Image-text web data:
⁂

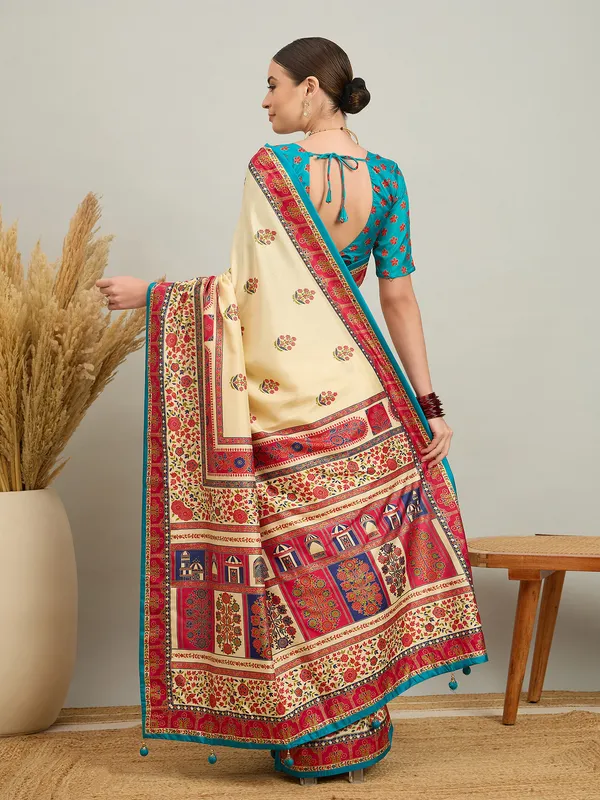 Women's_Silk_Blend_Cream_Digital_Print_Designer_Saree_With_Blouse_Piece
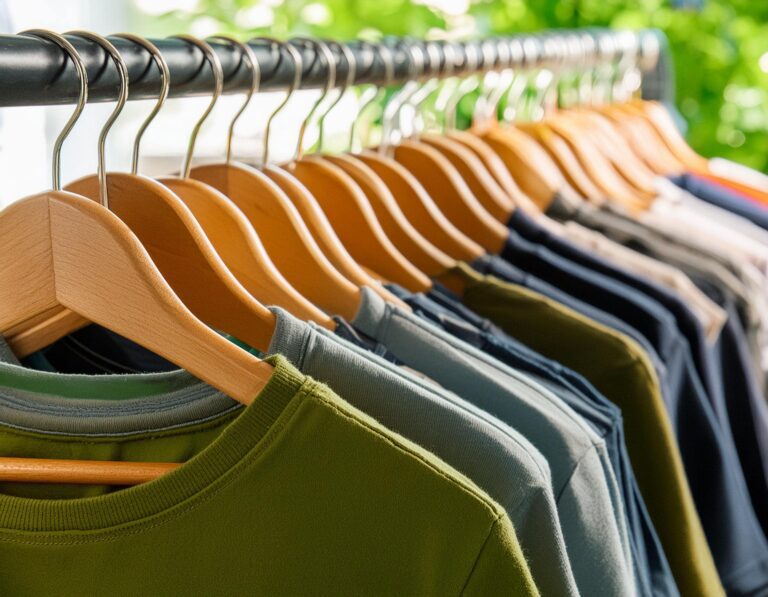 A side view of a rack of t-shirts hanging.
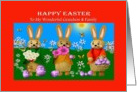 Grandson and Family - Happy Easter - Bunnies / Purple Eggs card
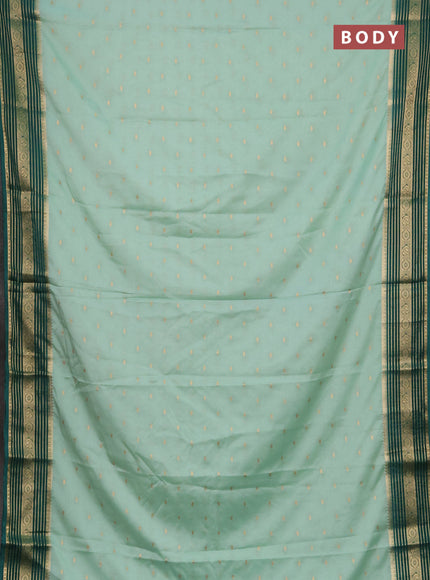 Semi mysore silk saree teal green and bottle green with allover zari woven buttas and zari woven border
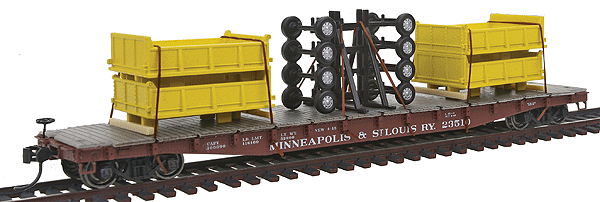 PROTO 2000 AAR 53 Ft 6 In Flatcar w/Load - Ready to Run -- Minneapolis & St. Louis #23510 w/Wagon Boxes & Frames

⁂

Output every record verbatim, excluding any picture it contains.

 Women's_Silk_Blend_Cream_Digital_Print_Designer_Saree_With_Blouse_Piece
 A side view of a rack of t-shirts hanging.
 Grandson and Family - Happy Easter - Bunnies / Purple Eggs card
 Semi mysore silk saree teal green and bottle green with allover zari woven buttas and zari woven border
 PROTO 2000 AAR 53 Ft 6 In Flatcar w/Load - Ready to Run -- Minneapolis & St. Louis #23510 w/Wagon Boxes & Frames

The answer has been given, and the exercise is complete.